Estas perguntas foram tema de debate numa oficina de avaliação pelos pares, promovida pela CABRI, em Kigali, de 20 a 22 de Junho 2018. O evento contou com representantes dos ministérios das finanças e dos ministérios responsáveis pela água, saneamento e saúde de sete países africanos de expressão francesa: Burkina Faso, República Centro-Africana (RCA), Côte d’Ivoire, República Democrática do Congo (RDC), Guiné, Mali e Ruanda. Dando sequência a um primeiro diálogo decorrido em Acra no início do ano, a oficina serviu de oportunidade para os ministérios das finanças e sectoriais trocarem impressões sobre como estimular e agilizar um maior financiamento para os serviços de água e saneamento.

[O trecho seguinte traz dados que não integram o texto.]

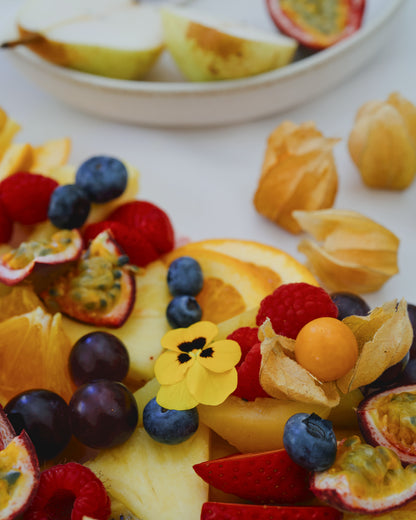 Fresh fruit platter, close up side angle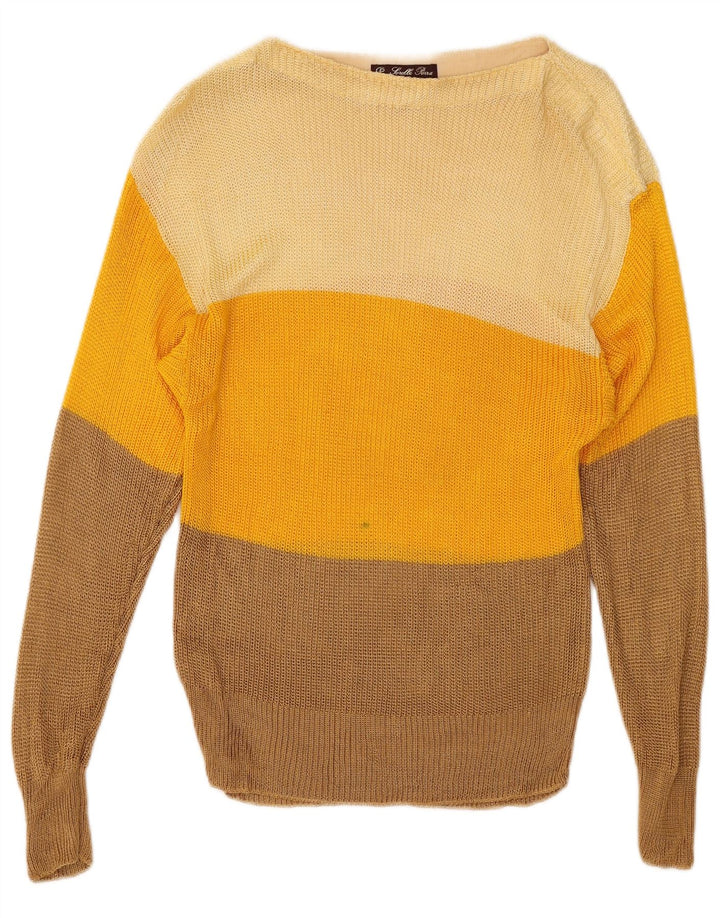 Vintage Dame Boat Neck Jumper Sweater UK 8 Small Multicolored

Uma das constatações principais no evento de Kigali foi que o investimento na água e no saneamento pode ser promovido se os planos sectoriais reflectirem os planos nacionais de desenvolvimento e o compromisso dos países para com o ODS 6. Embora todos os países representados na oficina tenham iniciado a revisão dos planos sectoriais com base no ODS 6, apensa Burkina Faso e o Ruanda os finalizaram. Contudo, os planos centram-se na água potável, embora os requisitos de nível de serviço relacionados com a qualidade da água, a continuidade e a disponibilidade no local devam também ser integrados no processo de planeamento.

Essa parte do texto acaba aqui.